Our research has discovered only two jurisdictions that have ruled that an assault with a booted foot cannot be an assault with a dangerous weapon. Wilson v State, [Ark] supra, Reed v Commonwealth, 248 SW2d 911 (Ky App, 1952). On the other hand, we have been unable to discover any jurisdictions which hold that an assault with a booted foot is always an assault with a dangerous weapon. See Annotation: Kicking as Aggravated Assault, or Assault with Dangerous or Deadly Weapon, 33 ALR3d 922, 924-925.

By far the majority of states that have considered the question have held that in certain circumstances a booted foot may be a dangerous weapon. In determining if a booted foot is a dangerous weapon within the statute, the courts have looked at the nature of the footwear and the manner in which the boot was used to injure the victim. Berfield v State, 458 P2d 1008, 1009 (Alas, 1969),[*32] People v Rumaner, 45 App Div 2d 290, 292; 357 NYS2d 735, 737 (1974), Orrill v State, 509 P2d 930, 931-932 (Okla Crim App, 1973). They also take into account the severity of the injuries received by the victim. State v Born, 280 Minn 306, 307; 159 NW2d 283, 284; 33 ALR3d 919 (1968), Orrill v State, supra at 932.

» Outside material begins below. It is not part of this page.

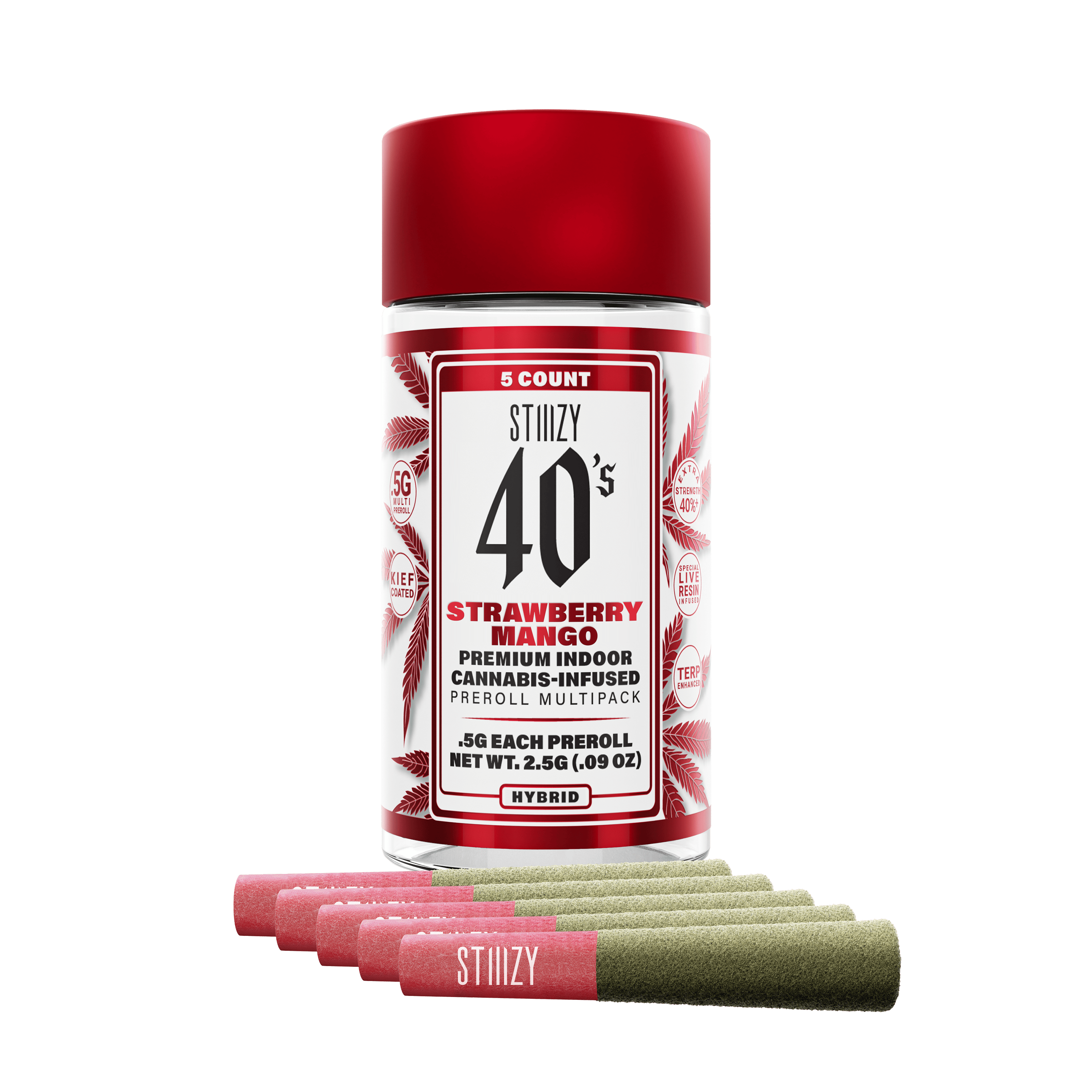 STRAWBERRY MANGO - .5G 40's Infused Preroll 5 Pack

We agree with the majority of our sister states that a boot may be used as a dangerous weapon. Since it can be a dangerous weapon, whether it was in fact used as a dangerous weapon is a question for the jury to determine as the finder of fact. People v Ragland, supra at 426. The trial court was correct in instructing the jury that the boot was neither a dangerous weapon per se nor incapable of being a dangerous weapon.

Affirmed.

1

The statute lists guns, revolvers, pistols, knives, iron bars, clubs and brass knuckles as dangerous weapons. MCLA 750.82; MSA 28.277.